What is needed: What you give back should be exactly the lines from the one with "And we need" through the end of the data, without the pictures.

Exercise data:
::::::

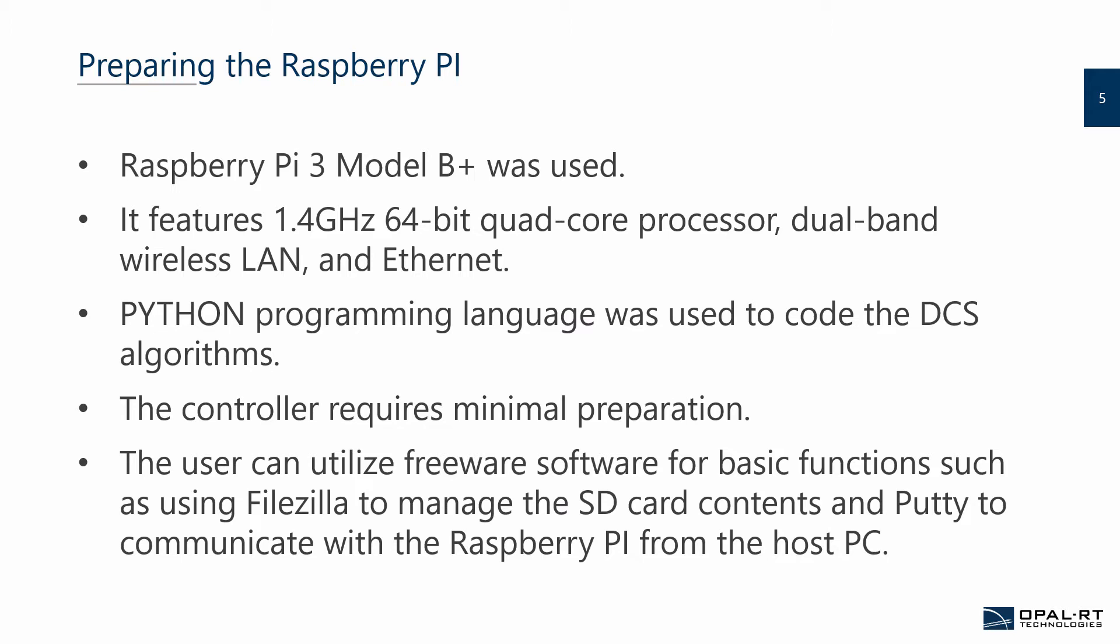Regarding the Raspberry Pi, the Raspberry Pi 3 Model B Plus was used. It features a 1.4 GHz 64-bit quad-core processor, a dual-band wireless LAN, and Ethernet. On a side note, support for both Wi-Fi and LAN was quite handy because, as I will mention in the next slide, the communication network was an isolated setup. So having Wi-Fi was helpful to communicate directly with the Raspberry Pi. Python programming language was used to code the distributed control system algorithms. The hardware itself required minimal preparation as all I had to do was install the Raspberry Pi OS, which was well documented. The user can also utilize freeware software for basic functions such as using FileZilla to manage the SD card content and PuTTY to communicate with the Pi in case the user wishes not to use a monitor mouse keyboard setup.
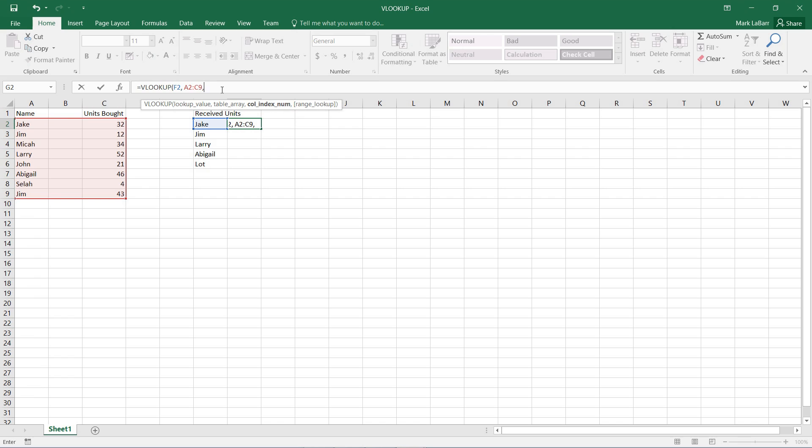And we need a column index number. We have three columns here, but we want to output the first column, which has the names in them. So for that, I can just type in 1.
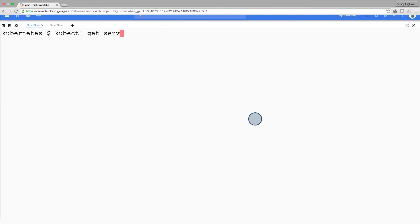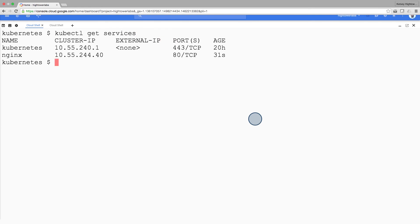So if we list our services now, we'll see that we have a public IP that we can use to hit the nginx container remotely. And there you go. Kubernetes supports an easy-to-use workflow out of the box using the kubectl run and expose commands.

::::::

The completed task:
And we need a column index number. We have three columns here, but we want to output the first column, which has the names in them. So for that, I can just type in 1.
So if we list our services now, we'll see that we have a public IP that we can use to hit the nginx container remotely. And there you go. Kubernetes supports an easy-to-use workflow out of the box using the kubectl run and expose commands.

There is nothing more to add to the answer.